Music genre: A diverse range covering everything from experimental pop to deep house, soul-folk-RnB to reggae dub, world music to drum and bass, and all else in between. You could be jamming to orchestral techno one night and a Thai ska ensemble on the next – it’s all that’s interesting and beyond.
Capacity: Small-ish, with over 10,000 attendees across the weekend.
Crowd type: All types. As there’s such a mix of things to see and do, people are drawn in from all walks of life: music devotees, art admirers, eco warriors, food connoisseurs, fashionistas, festival fanatics and counter-culture kids of all ages (literally – it’s a family-friendly festival) and nationalities, gathering just to have a good time.
Water stations: Yes
For the first-timers
Pattaya is easy to get to – you can bus, train, or taxi in from Bangkok – but the festival is located 30 minutes outside of town. A taxi or Wonderfruit shuttle bus from central Pattaya is required to reach its haven, so many opt for the 2-hour drive from Bangkok, though parking and traffic can be painful. (If you’re lacking in the vehicle department, time your departure via shuttle bus well, as the last bus to Bangkok leaves just after 10PM.) You can choose one of Pattaya’s many hotels as your base, treat yourself to a boutique camp, or set one up in the well-tended general camping area.

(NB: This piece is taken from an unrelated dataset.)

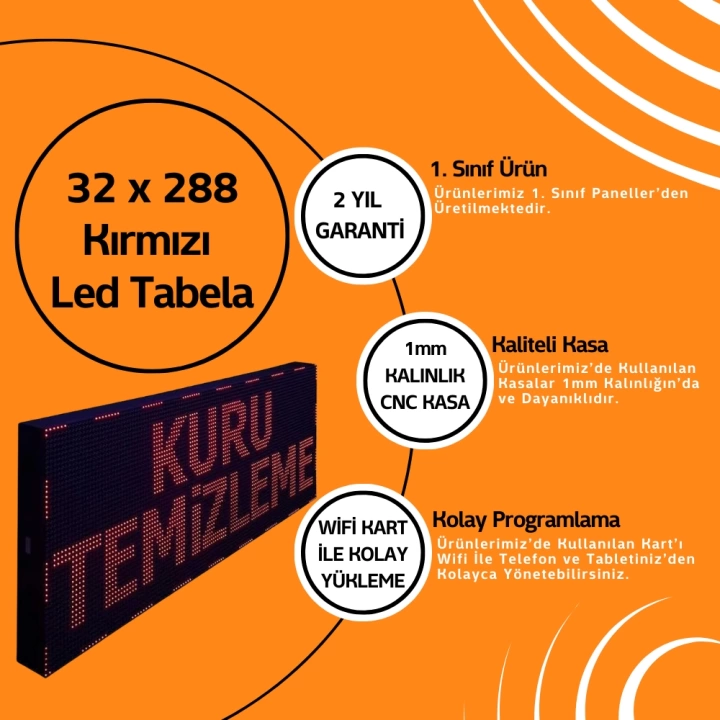 32 x 288 Kırmızı Led Tabela Kayan Yazı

Pro-tips for first timers, from first timers:
- There is lots to see and do throughout the hot day – if you’re not careful, many wondrous things can be missed whilst hiding under the shades. Stay active, and bring a portable fan.
- Mosquitoes and ants are vicious: bring insect repellent and cream to avoid the swollen ankles I had to endure for four days.
- Regular plastic bottles are banned, and though you can refill Wonderfruit’s own sustainable water bottles, they can get very leaky. Bring your own durable one and save yourself from unexpected wetness.
There are seven stages, each with immaculate designs and distinct vibes. The Living Stage (main stage) sported stupendous peacock feathers, and the semi-fences surrounding the crowd gives headlining shows an intimate feel. Farm Stage’s straw-made, Thai-temple design gives an atmosphere of a modern take on traditional temple fairs.
EDM heads cannot miss the Quarry – aka ‘the jungle’ – where dancing consumes you beneath towering trees 15-minute walk away from the main festival grounds. But the party is non-stop at Solar Stage: imported from Burning Man and designed for the sunrise and sunset, this marvel of architecture is a climbing structure for adults disguised as a stage, with semi-open hive-like chill spaces for you to witness the glory of international DJs from above.
I wish there’s space to write about all the other stages, like Bonafide by Zeight (with awe-inspiring light shows) or Forbidden Fruit (where chill techno sounds can quickly ease you to into spending all night lounging on their uber comfy pillows that dot this area), but I guess you’ll have to come witness them yourself.
- RED-I’s reggae dub at gathered crowds and kickstarted the weekend with bass heavy beats, and Solar Stage was jumping above and beyond by the time Wolf+Lamb’s funky disco/house set began to take the party even further.
- The experiment musical duo Buke and Gase, mesmerised us with an offbeat, indie pop/rock set with homemade instruments.
- Versatile electronic composer DJ Kate Simko, puts brings the class in classical with London Electric Orchestra. Never have we seen a crowd so pumped for something so sophisticated.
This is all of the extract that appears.